90/10 cupronickel is a copper-nickel alloy containing approximately 90% copper and 10% nickel, with small but critical additions of iron (1.0–1.8%) and manganese (0.5–1.0%). These trace elements are not incidental — iron in particular plays a decisive role in protecting the alloy against impingement attack and erosion-corrosion at high flow velocities.
The alloy is standardised under ASTM B111 (seamless tube) and ASTM B467 (welded tube), ensuring dimensional consistency and traceability for critical pressure equipment applications.
Corrosion Resistance in Seawater
Why Seawater Applications Demand Cupronickel
Ordinary carbon steel fails rapidly in seawater service. Stainless steels, while corrosion-resistant, can suffer crevice corrosion and pitting in stagnant or low-velocity seawater — particularly in tube sheet joints and under biological fouling deposits.
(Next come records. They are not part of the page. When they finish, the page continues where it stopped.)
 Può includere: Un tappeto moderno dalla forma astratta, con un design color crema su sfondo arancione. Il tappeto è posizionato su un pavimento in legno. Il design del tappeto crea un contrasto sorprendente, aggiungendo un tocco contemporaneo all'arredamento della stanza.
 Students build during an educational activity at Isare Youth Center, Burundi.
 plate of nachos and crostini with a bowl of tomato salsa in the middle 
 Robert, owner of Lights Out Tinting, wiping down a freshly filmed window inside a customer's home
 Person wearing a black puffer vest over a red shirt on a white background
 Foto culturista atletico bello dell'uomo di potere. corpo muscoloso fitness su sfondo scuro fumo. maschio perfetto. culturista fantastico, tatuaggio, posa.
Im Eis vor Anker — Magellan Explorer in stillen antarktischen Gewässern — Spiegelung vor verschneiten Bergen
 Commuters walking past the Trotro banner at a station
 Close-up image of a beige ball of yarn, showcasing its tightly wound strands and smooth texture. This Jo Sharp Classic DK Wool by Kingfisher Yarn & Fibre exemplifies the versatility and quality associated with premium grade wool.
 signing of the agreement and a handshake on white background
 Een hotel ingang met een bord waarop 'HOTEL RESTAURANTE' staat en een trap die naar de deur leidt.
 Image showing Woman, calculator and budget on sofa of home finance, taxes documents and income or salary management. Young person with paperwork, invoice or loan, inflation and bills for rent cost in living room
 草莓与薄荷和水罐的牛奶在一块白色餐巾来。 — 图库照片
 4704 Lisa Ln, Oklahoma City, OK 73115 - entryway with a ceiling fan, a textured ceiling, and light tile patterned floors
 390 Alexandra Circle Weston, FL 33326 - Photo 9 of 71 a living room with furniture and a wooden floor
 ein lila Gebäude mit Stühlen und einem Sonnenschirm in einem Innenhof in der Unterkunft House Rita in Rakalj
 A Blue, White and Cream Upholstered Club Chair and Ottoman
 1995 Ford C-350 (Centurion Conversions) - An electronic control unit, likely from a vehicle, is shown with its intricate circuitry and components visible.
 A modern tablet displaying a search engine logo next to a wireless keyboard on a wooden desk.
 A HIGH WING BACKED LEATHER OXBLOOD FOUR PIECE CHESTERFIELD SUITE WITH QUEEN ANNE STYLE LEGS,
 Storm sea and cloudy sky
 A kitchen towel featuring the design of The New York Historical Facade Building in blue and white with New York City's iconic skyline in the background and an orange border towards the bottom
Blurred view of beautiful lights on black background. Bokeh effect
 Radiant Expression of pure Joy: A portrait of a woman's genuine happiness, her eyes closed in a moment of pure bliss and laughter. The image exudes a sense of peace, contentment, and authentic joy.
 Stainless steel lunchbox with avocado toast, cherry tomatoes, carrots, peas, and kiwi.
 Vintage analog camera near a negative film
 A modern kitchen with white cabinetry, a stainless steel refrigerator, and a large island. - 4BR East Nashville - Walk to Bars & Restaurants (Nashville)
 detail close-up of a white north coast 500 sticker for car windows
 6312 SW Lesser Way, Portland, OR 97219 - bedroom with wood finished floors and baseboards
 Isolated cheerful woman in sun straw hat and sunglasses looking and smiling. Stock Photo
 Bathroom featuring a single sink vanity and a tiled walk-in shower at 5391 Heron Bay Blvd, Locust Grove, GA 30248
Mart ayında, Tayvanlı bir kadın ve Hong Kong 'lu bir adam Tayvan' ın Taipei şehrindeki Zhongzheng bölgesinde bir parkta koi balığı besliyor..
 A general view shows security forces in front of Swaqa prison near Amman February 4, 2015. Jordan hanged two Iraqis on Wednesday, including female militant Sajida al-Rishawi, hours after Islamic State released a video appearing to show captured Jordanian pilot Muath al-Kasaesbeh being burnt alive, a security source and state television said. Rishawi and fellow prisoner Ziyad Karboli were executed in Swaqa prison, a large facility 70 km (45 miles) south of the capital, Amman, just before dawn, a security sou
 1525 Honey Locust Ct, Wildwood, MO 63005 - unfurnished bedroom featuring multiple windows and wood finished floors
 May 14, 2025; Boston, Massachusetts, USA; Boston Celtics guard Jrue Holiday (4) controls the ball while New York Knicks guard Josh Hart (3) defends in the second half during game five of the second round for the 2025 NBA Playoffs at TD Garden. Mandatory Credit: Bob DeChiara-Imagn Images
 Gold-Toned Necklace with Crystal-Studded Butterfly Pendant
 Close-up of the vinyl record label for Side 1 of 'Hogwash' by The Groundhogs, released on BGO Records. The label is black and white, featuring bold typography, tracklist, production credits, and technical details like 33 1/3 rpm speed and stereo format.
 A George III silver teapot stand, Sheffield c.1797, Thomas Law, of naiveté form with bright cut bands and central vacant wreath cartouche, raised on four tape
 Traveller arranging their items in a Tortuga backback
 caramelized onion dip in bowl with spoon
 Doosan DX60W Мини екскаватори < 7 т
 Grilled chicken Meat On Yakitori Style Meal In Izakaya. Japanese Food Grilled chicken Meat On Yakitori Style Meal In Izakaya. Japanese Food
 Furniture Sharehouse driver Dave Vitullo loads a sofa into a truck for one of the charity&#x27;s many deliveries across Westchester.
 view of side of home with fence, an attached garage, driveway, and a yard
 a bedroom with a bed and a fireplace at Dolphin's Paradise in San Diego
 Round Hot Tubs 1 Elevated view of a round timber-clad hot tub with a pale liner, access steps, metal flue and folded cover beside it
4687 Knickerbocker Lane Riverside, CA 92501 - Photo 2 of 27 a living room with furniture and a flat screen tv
90/10 cupronickel forms a protective cuprous oxide film on its surface when exposed to seawater, which becomes increasingly dense and adherent over time. This natural passivation layer inhibits further corrosion while simultaneously resisting the attachment of marine organisms — a phenomenon known as biofouling resistance that reduces cleaning frequency and maintains heat transfer efficiency over long service periods.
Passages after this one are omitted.